[Stored records]

Content starts

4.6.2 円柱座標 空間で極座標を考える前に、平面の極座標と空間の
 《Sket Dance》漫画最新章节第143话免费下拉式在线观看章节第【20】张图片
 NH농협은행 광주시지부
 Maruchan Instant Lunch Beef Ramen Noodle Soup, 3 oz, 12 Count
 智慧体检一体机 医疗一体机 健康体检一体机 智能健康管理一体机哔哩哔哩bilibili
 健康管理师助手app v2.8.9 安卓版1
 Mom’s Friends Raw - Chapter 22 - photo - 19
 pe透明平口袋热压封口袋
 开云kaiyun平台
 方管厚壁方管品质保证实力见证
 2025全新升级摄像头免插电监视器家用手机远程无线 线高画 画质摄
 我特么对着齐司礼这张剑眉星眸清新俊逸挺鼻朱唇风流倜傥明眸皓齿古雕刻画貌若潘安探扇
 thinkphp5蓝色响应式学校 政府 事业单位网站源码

Content ends

Exercise directions: Every record above must be duplicated exactly.

Result for this task:
4.6.2 円柱座標 空間で極座標を考える前に、平面の極座標と空間の
 《Sket Dance》漫画最新章节第143话免费下拉式在线观看章节第【20】张图片
 NH농협은행 광주시지부
 Maruchan Instant Lunch Beef Ramen Noodle Soup, 3 oz, 12 Count
 智慧体检一体机 医疗一体机 健康体检一体机 智能健康管理一体机哔哩哔哩bilibili
 健康管理师助手app v2.8.9 安卓版1
 Mom’s Friends Raw - Chapter 22 - photo - 19
 pe透明平口袋热压封口袋
 开云kaiyun平台
 方管厚壁方管品质保证实力见证
 2025全新升级摄像头免插电监视器家用手机远程无线 线高画 画质摄
 我特么对着齐司礼这张剑眉星眸清新俊逸挺鼻朱唇风流倜傥明眸皓齿古雕刻画貌若潘安探扇
 thinkphp5蓝色响应式学校 政府 事业单位网站源码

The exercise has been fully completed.